INFORMATION SUPPLIED section start

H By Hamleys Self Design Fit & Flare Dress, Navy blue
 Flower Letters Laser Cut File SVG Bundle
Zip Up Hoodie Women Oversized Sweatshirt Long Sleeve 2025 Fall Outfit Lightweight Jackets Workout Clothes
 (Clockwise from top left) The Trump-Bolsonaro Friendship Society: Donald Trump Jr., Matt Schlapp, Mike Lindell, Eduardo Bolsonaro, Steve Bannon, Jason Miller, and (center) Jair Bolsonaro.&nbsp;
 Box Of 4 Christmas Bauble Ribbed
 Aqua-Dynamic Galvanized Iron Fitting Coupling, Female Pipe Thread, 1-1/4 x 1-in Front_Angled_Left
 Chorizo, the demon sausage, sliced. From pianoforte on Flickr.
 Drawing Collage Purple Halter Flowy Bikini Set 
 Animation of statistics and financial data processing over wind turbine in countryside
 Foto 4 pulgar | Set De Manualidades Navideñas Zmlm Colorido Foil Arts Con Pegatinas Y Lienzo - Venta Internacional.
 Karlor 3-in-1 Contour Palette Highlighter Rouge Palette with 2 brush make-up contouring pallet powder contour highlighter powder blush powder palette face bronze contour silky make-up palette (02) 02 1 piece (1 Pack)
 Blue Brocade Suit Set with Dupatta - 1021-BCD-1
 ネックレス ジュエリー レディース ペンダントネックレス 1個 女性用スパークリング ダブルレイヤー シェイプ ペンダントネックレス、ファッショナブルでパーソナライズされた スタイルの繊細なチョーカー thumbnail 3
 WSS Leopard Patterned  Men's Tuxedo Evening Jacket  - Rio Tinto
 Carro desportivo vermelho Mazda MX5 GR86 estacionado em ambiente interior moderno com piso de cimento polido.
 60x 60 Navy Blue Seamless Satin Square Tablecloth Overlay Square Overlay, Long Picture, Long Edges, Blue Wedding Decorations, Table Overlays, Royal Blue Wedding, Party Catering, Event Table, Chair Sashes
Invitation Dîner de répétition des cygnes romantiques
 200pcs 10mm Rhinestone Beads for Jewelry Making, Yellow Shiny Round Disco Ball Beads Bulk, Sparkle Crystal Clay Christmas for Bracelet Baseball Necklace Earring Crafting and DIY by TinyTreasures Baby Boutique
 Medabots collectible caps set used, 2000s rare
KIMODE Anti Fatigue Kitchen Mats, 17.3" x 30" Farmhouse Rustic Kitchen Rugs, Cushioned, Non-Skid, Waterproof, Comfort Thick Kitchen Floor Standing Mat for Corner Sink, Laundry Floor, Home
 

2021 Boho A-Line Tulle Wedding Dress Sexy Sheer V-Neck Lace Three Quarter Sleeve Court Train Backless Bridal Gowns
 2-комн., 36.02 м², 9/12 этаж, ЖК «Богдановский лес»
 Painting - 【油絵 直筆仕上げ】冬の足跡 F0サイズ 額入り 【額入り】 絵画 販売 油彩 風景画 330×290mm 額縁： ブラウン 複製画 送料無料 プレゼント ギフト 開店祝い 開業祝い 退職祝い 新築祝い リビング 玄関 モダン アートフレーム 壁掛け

INFORMATION SUPPLIED section end

● **EXERCISE BRIEF**
Each line, beginning at the one that contains "60x 60 Navy" and continuing through the end of the records, must be written out exactly, first and last included.

● **ANSWER TO THIS EXERCISE**
 60x 60 Navy Blue Seamless Satin Square Tablecloth Overlay Square Overlay, Long Picture, Long Edges, Blue Wedding Decorations, Table Overlays, Royal Blue Wedding, Party Catering, Event Table, Chair Sashes
Invitation Dîner de répétition des cygnes romantiques
 200pcs 10mm Rhinestone Beads for Jewelry Making, Yellow Shiny Round Disco Ball Beads Bulk, Sparkle Crystal Clay Christmas for Bracelet Baseball Necklace Earring Crafting and DIY by TinyTreasures Baby Boutique
 Medabots collectible caps set used, 2000s rare
KIMODE Anti Fatigue Kitchen Mats, 17.3" x 30" Farmhouse Rustic Kitchen Rugs, Cushioned, Non-Skid, Waterproof, Comfort Thick Kitchen Floor Standing Mat for Corner Sink, Laundry Floor, Home
 

2021 Boho A-Line Tulle Wedding Dress Sexy Sheer V-Neck Lace Three Quarter Sleeve Court Train Backless Bridal Gowns
 2-комн., 36.02 м², 9/12 этаж, ЖК «Богдановский лес»
 Painting - 【油絵 直筆仕上げ】冬の足跡 F0サイズ 額入り 【額入り】 絵画 販売 油彩 風景画 330×290mm 額縁： ブラウン 複製画 送料無料 プレゼント ギフト 開店祝い 開業祝い 退職祝い 新築祝い リビング 玄関 モダン アートフレーム 壁掛け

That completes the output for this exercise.